Equation of Ellipse

Easy question. The trick is to understand the importance of change of co-ordinate axes.

Firstly equation joining PQ is the major axis. Also mid-point of PQ is the centre of the ellipse. The line passing through the centre and perpendicular to the major axis is the minor axis.

So we write Major axis is $x+y-6=0$ and centre of the ellipse is M=(3,3) and the equation of minor axis is $x=y$

Now it is given that (2,2) is a point on the ellipse. By little observation note that it lies on the minor axis.

The length of semi-minor axis is $b=\sqrt { { (3-2) }^{ 2 }+{ (3-2) }^{ 2 } } =\sqrt { 2 }$

Also distance of focus from the centre is $c=\sqrt { { (2-3) }^{ 2 }+{ (4-3) }^{ 2 } } =\sqrt { 2 }$

And we know ${ a }^{ 2 }-{ b }^{ 2 }={ c }^{ 2 }$

Using this we get $a=2$ (a=Length of semi-major axis)

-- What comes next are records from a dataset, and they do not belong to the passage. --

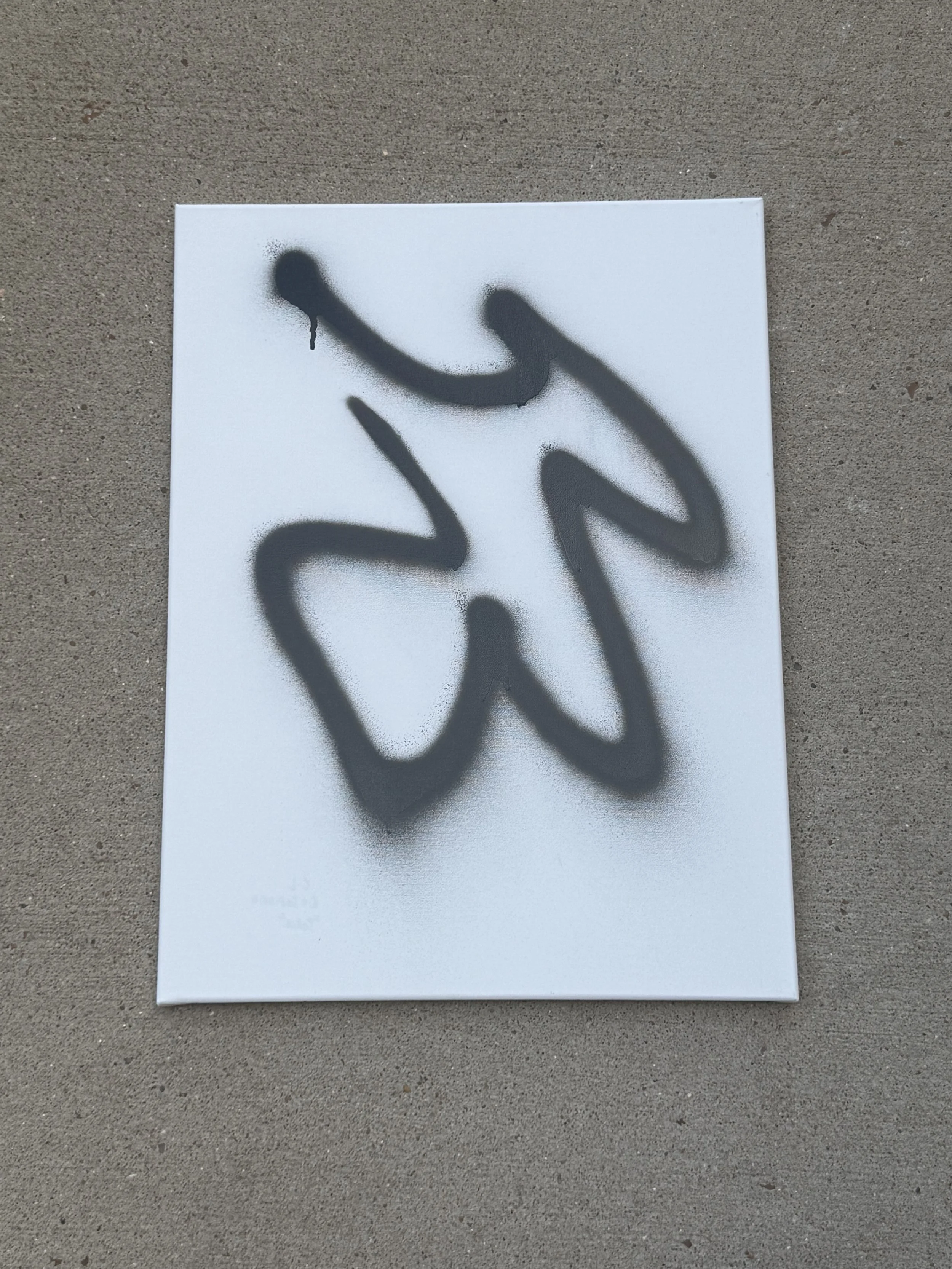 A white canvas with black spray paint graffiti forming an abstract shape.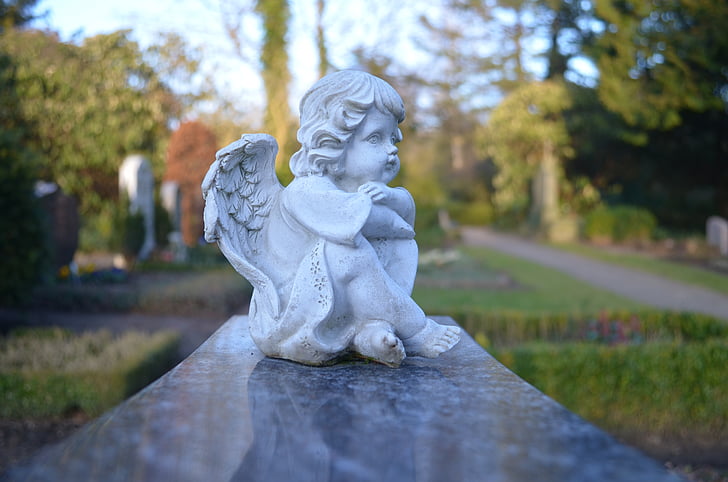 tilt-shift lens photography of sitting white cherub figurine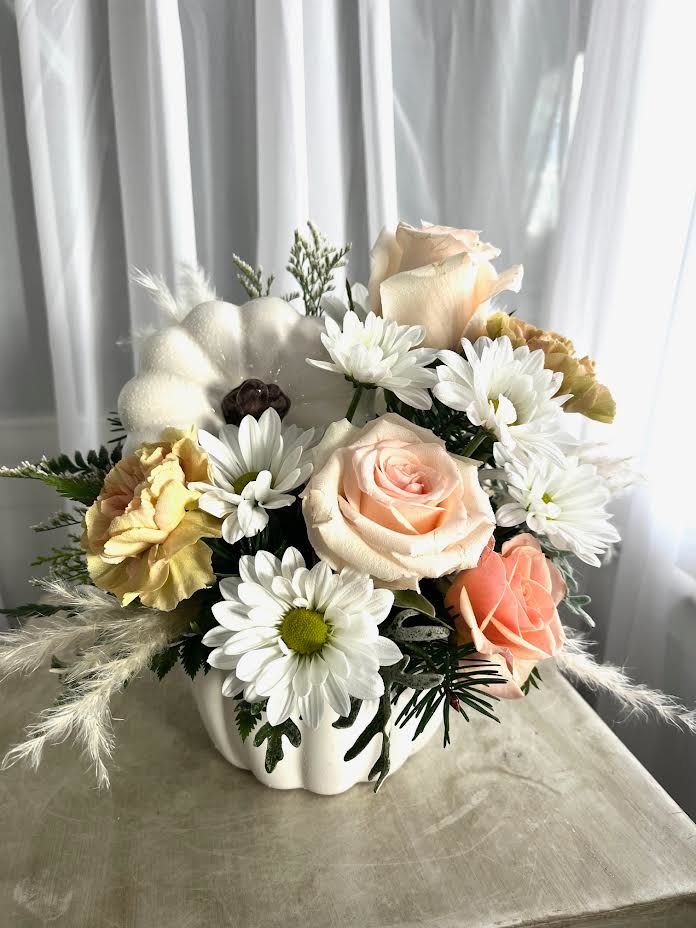 A Fall Chill in the Air A Fall Chill in the Air - A sweet and subtle tribute ...the suns white rays softly hit the clouds and create a peachy hue.  As always, call the shop to find out what we have in stock because our inventory always is different, and we may have to substitute.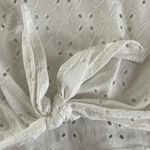 Olivia Rae Livi By  White Tank Top With Flower Pattern And A Knot Photo 3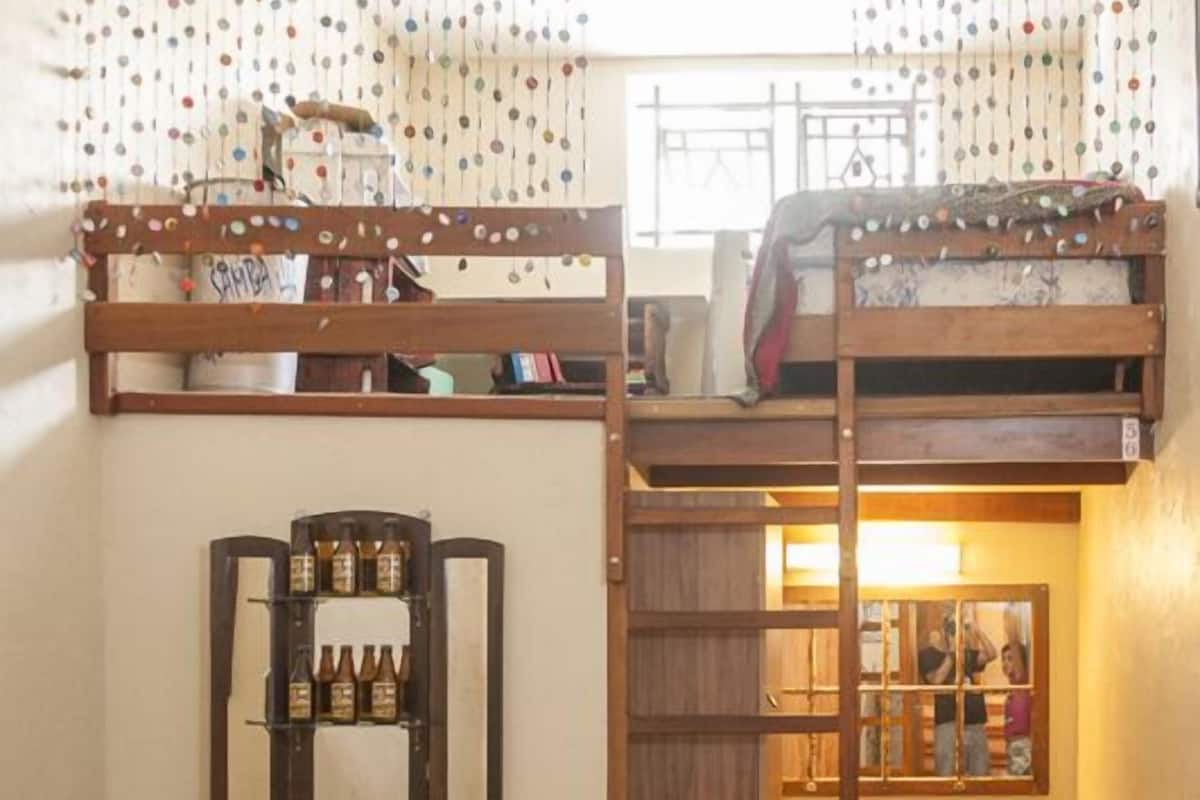 Une petite pièce comprenant un lit superposé, une échelle, une petite table et une étagère avec des bouteilles.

Here comes the final thing.We write eqaution of ellipse in standard form in cartesian co-ordinates as :

$\frac { { x }^{ 2 } }{ { a }^{ 2 } } +\frac { { y }^{ 2 } }{ { b }^{ 2 } } =1$

Now x-co-ordinate is the perpendicular distance from the y-axis and y-co-ordinate is the perpendicular distance from the x-axis.

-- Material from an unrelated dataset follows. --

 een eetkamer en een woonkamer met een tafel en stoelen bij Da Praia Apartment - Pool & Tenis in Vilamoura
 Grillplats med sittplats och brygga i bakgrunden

Following the similar analogy we can write equation of our ellipse as :

$\frac { { (Perp.\quad distance\quad from\quad x-y=0) }^{ 2 } }{ { a }^{ 2 } } +\frac { { (Perp.\quad distance\quad form\quad x+y-6=0) }^{ 2 } }{ { b }^{ 2 } } =1$

Perpendicular distance from $x-y=0$ is $=\left| \frac { x-y }{ \sqrt { 2 } } \right|$

Perpendicular distance from $x+y-6=0$ is $= \left| \frac { x+y-6 }{ \sqrt { 2 } } \right|$

Finally we write our equation as :

$\frac { { \left| \frac { x-y }{ \sqrt { 2 } } \right| }^{ 2 } }{ { 2 }^{ 2 } } +\frac { { \left| \frac { x+y-6 }{ \sqrt { 2 } } \right| }^{ 2 } }{ { (\sqrt { 2 } })^{ 2 } } =1$

After simplifying we get :

$3{ x }^{ 2 }+3{ y }^{ 2 }+2xy-24x-24y+64=0$

Finally we get $\boxed { a+b+c+d+e+f=3+3+2-24-24+64=24 }$

We Can Define Ellipse In A Bit Different Way.

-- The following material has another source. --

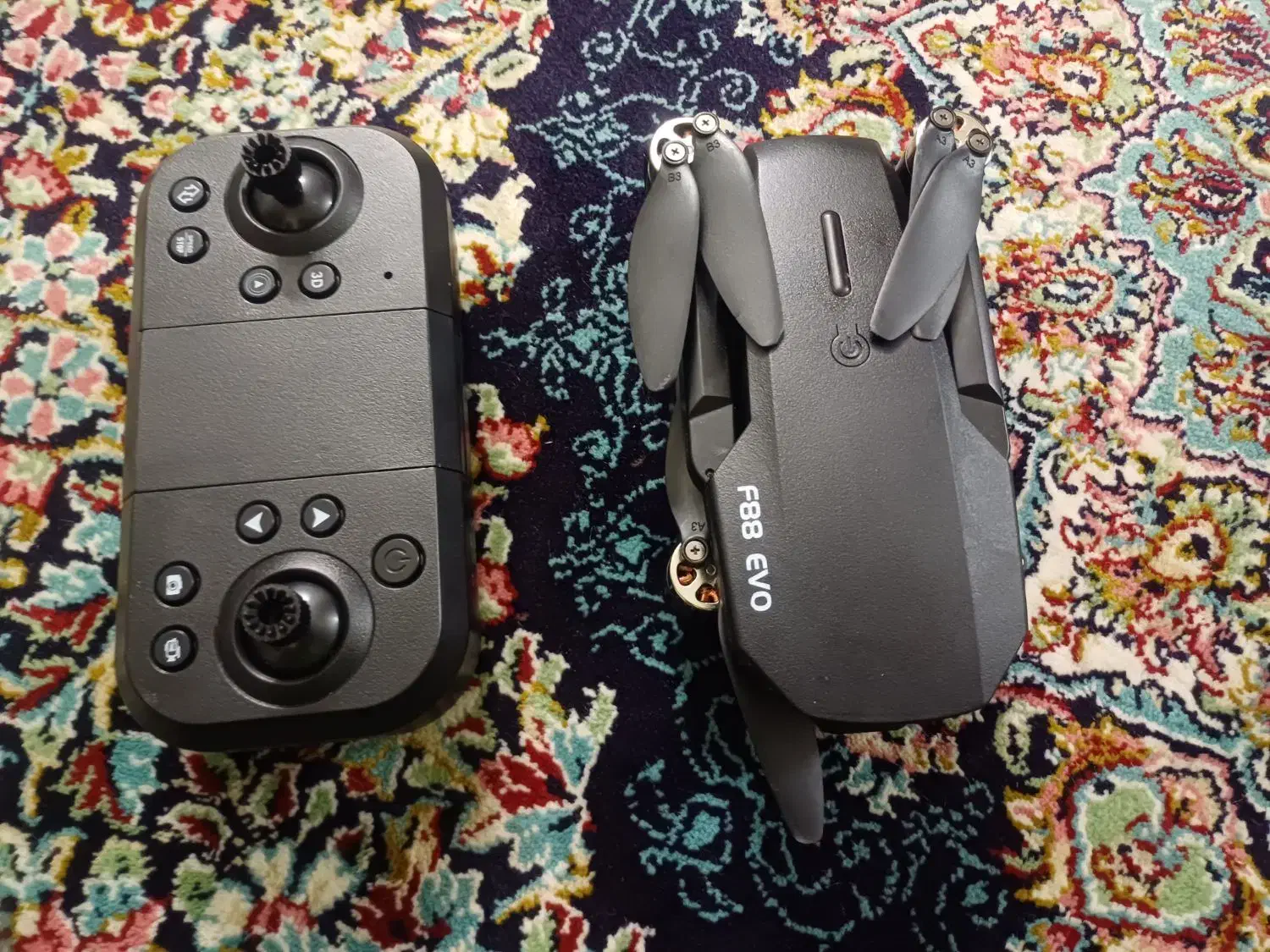 پهپاد مشکی|دوربین عکاسی و فیلم‌برداری|گلبهار, شهر جدید گلبهار|دیوار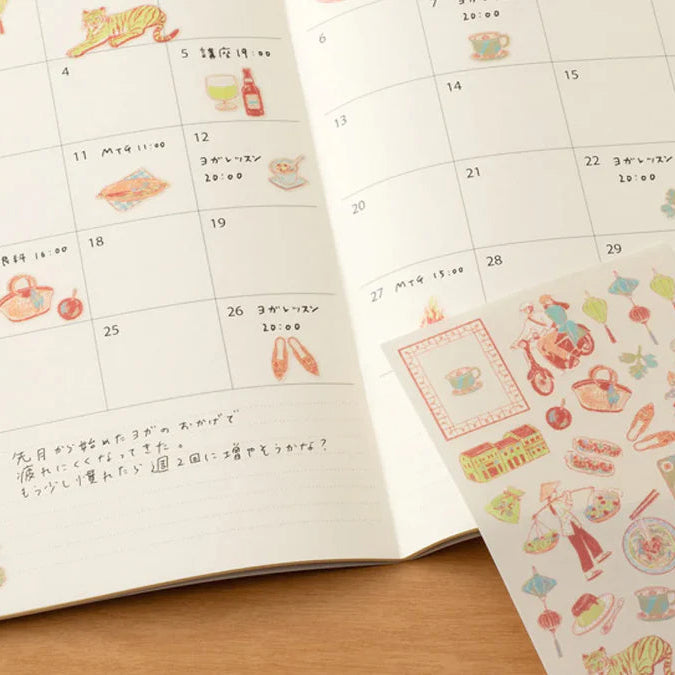 Calendar with stickers on a wooden surface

The Locus Of A Point Which moves such that the sum of its distances from

two fixed points(the focii) always remains constant which is equal to the

length of major axis .

Now the point (2,2) lies on the ellipse therefore finding the sum of its

distances from focii we get the sum equal to 4 .

let (x,y) be any point on the ellipse

Again its Sum of distance from P And Q Will Be Equal To 4 .

Equating the distances and after a bit of some manipulations we get the

required answer

the question says find the maximum value of the following "equation"?? I think it should be "expression". lol :)